Almanac
Guide · Beginner

Google: The AI Lab That Builds Everything from DNA Models to Your Phone's Assistant

GoogleBeginneractive·v3 · live·generated 6d ago

Part of these paths

TL;DRGoogle is one of the world's most prolific AI organizations, running a research lab (DeepMind) and a product empire (Gemini, Search, Android) that together touch nearly every corner of artificial intelligence.
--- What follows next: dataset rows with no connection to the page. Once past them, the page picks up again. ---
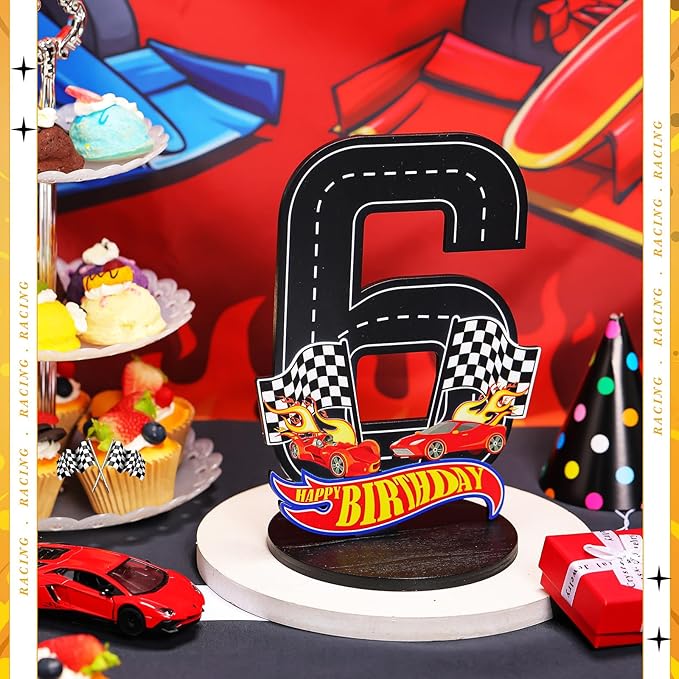 Race Car 6th Birthday Number Sign Centerpiece Race Car Theme 6th Birthday Party Supplies Wooden Table Decoration Photo Props for Boys Six Years Old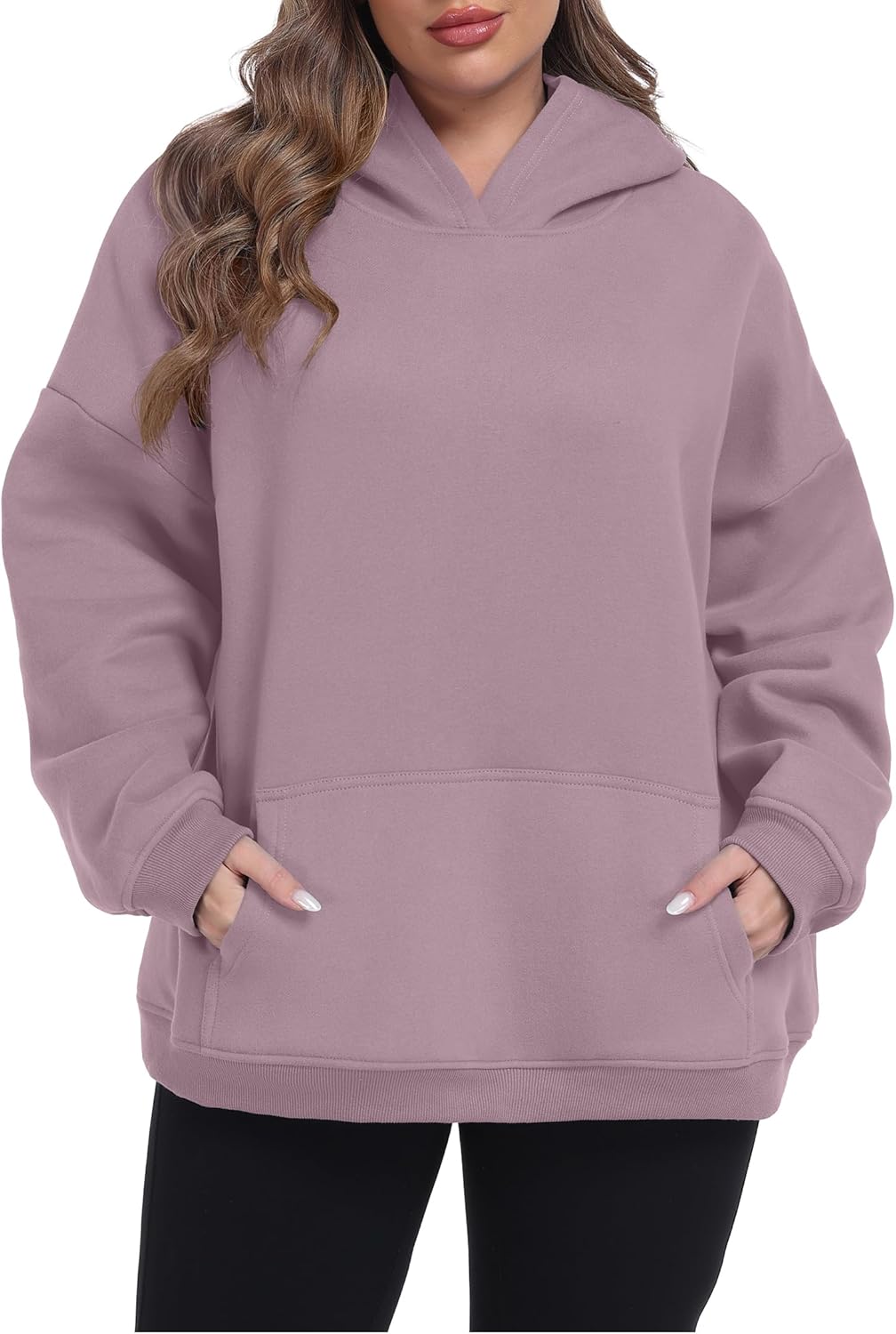 Women Plus Size Hoodies Fce-Lined Thick Sweatshirts with Kangaroo Pocket Cozy Hooded Pullover Fall Winter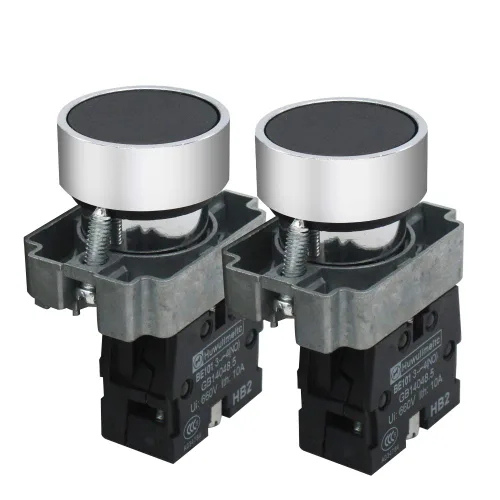 mxuteuk 2pcs 1 NO 0.866 in Interruptor de botón momentáneo SPST Negro 660V 10A HB2-BA21-HH
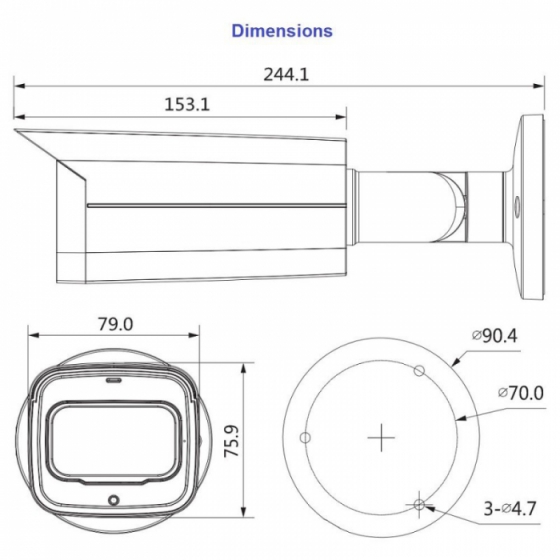 4MP IP-torukaamera Dahua IPC- HFW5442T-ASE ePoE WDR(140) IVS-AI IR50m mSD I/O audio 2.8mm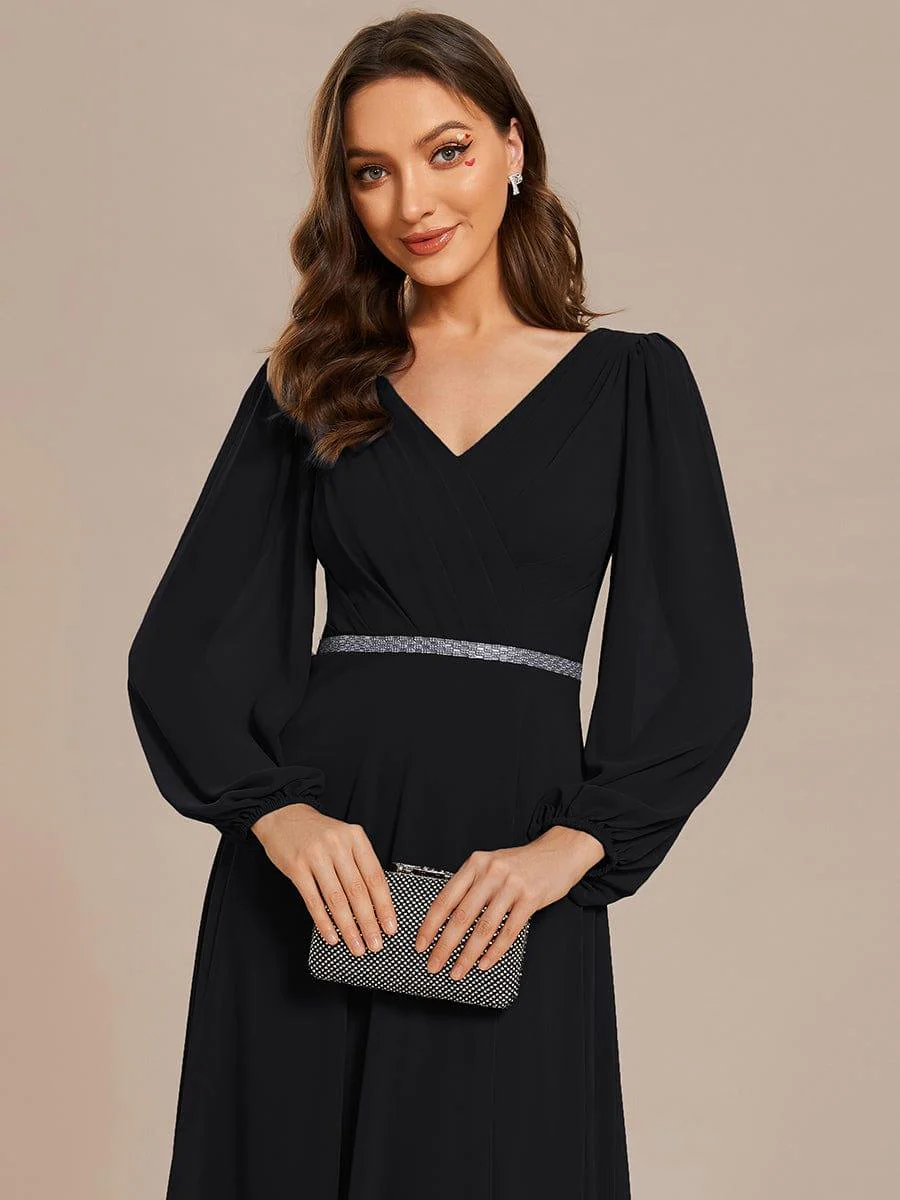 ever ESMÉE|Pleated Double V-Neck Long Sleeves Shiny Belt Chiffon Mother of the Bride Dress - Image 51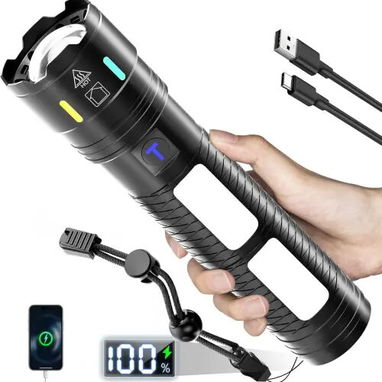Linterna Recargable TrixHub TH006 9000mAh 990 000 Lumens con 4 Modos, USB-C, Pantalla LCD y Función Power Bank - 4/4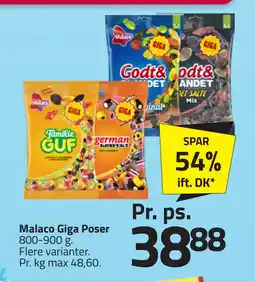 Fleggaard Malaco Giga Poser tilbud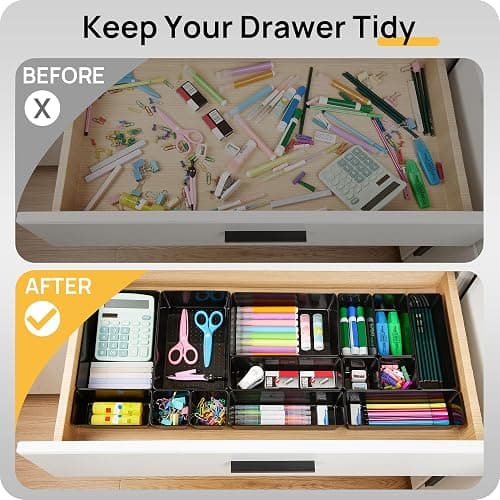 Vtopmart 25 PCS Office Desk Drawer Organizers Set, 4-Size Versatile Plastic Drawer Organizer Trays, Storage Bins for Desk Accessories Office Organizers and Storage, Bathroom, Makeup, Vanity, Black - Black thumbnail 2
Its strategy is unusually broad: releasing powerful open-weights models anyone can download, shipping frontier closed models that compete with OpenAI and Anthropic, and applying AI to science — from cancer screening to genomics — while also becoming the infrastructure backbone for competitors like Apple and Anthropic.

Key takeaways

  • Gemini 3.5 Flash, released at Google I/O 2026, tops the APEX-Agents-AA and MMMU-Pro benchmarks among mid-tier models and supports a 1M-token context window.
  • Gemma 4 12B is an open-weights, encoder-free multimodal model released under Apache 2.0, designed to run on consumer laptops.
  • Apple announced a new AI architecture centered on Google Gemini models, deepening a partnership that puts Gemini inside one of the world's most-used device ecosystems.
  • AlphaGenome, an open-weights model, interprets the ~98% of human DNA that regulates gene expression and correctly predicted expression changes linked to T-cell leukemia.
  • Google's Aletheia agent (using Gemini 3 Deep Think) produced 4 genuinely novel solutions to previously unsolved Erdős mathematics problems out of 200 evaluated.
  • Gemini 3.1 Pro Preview leads the 899-discipline KINA knowledge benchmark at 53.17%, ahead of Claude Opus 4.6 and GPT-5.4.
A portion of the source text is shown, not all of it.